Again, I have no idea what exactly happened after pulling me out of water. When I woke up, there were so many people around me. Most of them were crying. They didn't tell me anything, rather they just stared at me and I stared back. Before I could speak a word 'thud' came a whack. It was my mom crying and screaming at me “Didn't I tell you not to go out???...”

 

23 years have passed since this incident. My grand mom moved out of this house and went to stay with my aunt. Some local thief stole the pee-boy. The property was partitioned and sold. The house was broken down. Two of my cousins have built houses on that plot. My naughty older cousins now have kids of their age back then. My grand mom expired 3 years ago.

 

Even today when I tell my mom that I am going to a pool that is hardly 5 feet deep under the watchful eye of two trained lifeguards, my mom tells me ‘Take care ok… I still remember you falling in that fountain…”

 

 

 

Sunday 28 July 2013

The Starting Trouble

The trouble has always been to set things into motion. Many of you must have always heard of the word 'Procrastination'. Well, for you it might be just a word, for me its a way of life! I keep until tomorrow what I can  finish off today. Here I am finally getting myself together to write what is probably my first blog-post.

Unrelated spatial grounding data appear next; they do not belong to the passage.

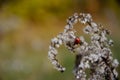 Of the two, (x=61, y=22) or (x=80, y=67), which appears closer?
(x=80, y=67)

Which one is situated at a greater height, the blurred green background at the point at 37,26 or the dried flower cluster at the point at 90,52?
the blurred green background at the point at 37,26

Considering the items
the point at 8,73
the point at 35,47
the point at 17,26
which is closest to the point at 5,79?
the point at 8,73

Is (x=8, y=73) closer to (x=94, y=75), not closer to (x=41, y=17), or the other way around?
(x=41, y=17)

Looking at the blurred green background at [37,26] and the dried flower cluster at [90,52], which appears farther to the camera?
the blurred green background at [37,26]

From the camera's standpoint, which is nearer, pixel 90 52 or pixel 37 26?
pixel 90 52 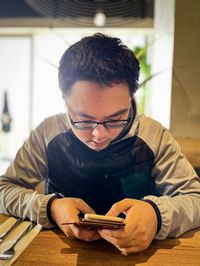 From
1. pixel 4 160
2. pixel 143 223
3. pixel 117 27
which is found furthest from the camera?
pixel 4 160

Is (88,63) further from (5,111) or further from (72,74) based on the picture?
(5,111)

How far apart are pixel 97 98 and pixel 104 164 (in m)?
0.27

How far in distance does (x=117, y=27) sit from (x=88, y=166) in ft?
9.43

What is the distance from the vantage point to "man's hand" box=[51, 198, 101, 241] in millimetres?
714

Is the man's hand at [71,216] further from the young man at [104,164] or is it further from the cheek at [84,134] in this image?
the cheek at [84,134]

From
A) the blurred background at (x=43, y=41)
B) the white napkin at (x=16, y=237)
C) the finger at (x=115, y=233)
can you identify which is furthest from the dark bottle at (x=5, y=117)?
the finger at (x=115, y=233)

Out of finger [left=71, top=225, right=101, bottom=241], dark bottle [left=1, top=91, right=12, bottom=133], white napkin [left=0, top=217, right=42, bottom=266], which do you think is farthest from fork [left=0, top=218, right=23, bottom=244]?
dark bottle [left=1, top=91, right=12, bottom=133]

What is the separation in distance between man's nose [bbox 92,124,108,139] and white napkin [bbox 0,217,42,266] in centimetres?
24

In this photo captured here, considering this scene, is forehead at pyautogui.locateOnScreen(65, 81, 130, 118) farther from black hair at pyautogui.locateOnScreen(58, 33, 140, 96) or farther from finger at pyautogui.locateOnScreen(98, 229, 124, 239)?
finger at pyautogui.locateOnScreen(98, 229, 124, 239)

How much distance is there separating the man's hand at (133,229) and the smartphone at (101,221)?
14 mm

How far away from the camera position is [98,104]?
0.75 meters

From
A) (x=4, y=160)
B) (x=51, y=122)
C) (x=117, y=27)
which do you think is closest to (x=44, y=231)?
(x=51, y=122)

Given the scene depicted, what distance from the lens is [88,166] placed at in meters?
0.97

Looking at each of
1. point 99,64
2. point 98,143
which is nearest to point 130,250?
point 98,143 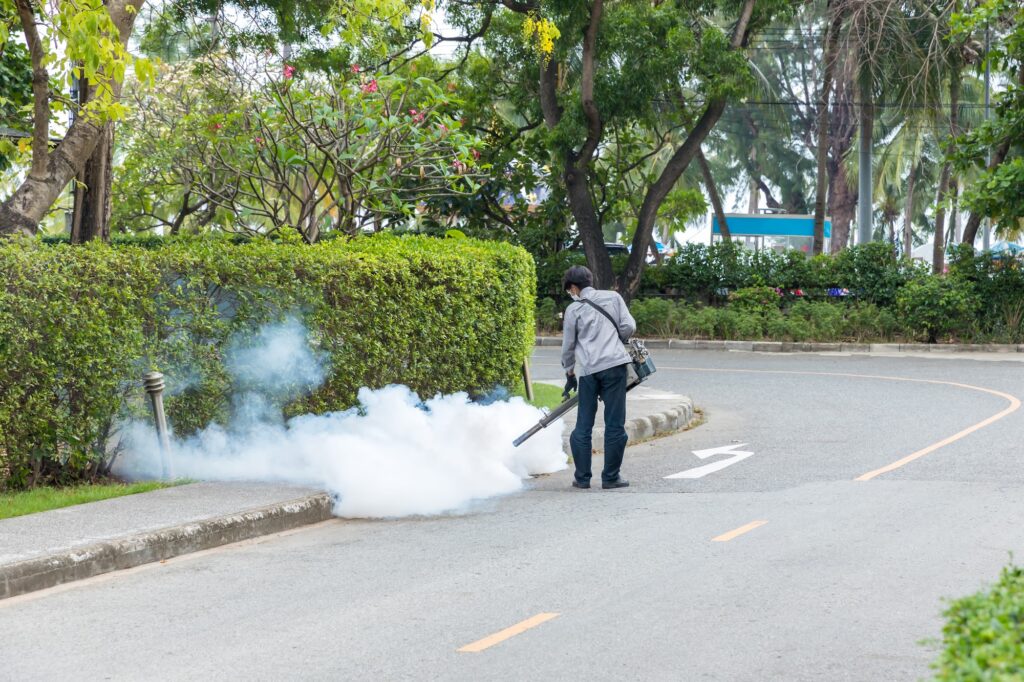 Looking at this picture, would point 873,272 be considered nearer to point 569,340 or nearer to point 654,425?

With great humor, I recount a 12 year old me reading something about a 'blog' in the last page of the then Gulf News tabloid almost a decade and a half ago.'Blog!.. Ah.. a new word' I wondered. Those were the days when you take everything your English teacher tells you seriously and you embark on an overzealous vocabulary-building mission.

I rushed to the sacrosanct Bible of English language, yup, my pocket Oxford English Dictionary to decode this new word. I enthusiastically flipped through the pages only to be stunned to a stupefaction. The bespectacled school girl me let out a gasp of horror as I couldn't find the word. For the first time in the whole twelve year life my most trusted guide had let me down. Suddenly the magical book had lost its charm. My puzzle solver didn't have a solution to this strange word. I was overcome with a new found sense of respect for this word 'blog'! I felt like standing up and saluting it.

All this was a long time ago, as the years passed by the bespectacled school girl grew up, went to college as a contact-lens wearing dental undergraduate. After that she briefly transformed into zombie PG student who had given her soul to the Department of Pedodontics. Fortunately that phase is over.

Honestly speaking, I feel like I'm released from the prison of Azkaban from the clutches of the Death Eaters.  I have broken free from the shackles that I has tied me down and this is period of my Renaissance where I breath the air of freedom and live my life the way I want to.

So today I decide  to revisit the word that once earned a respectable position in my cerebrum.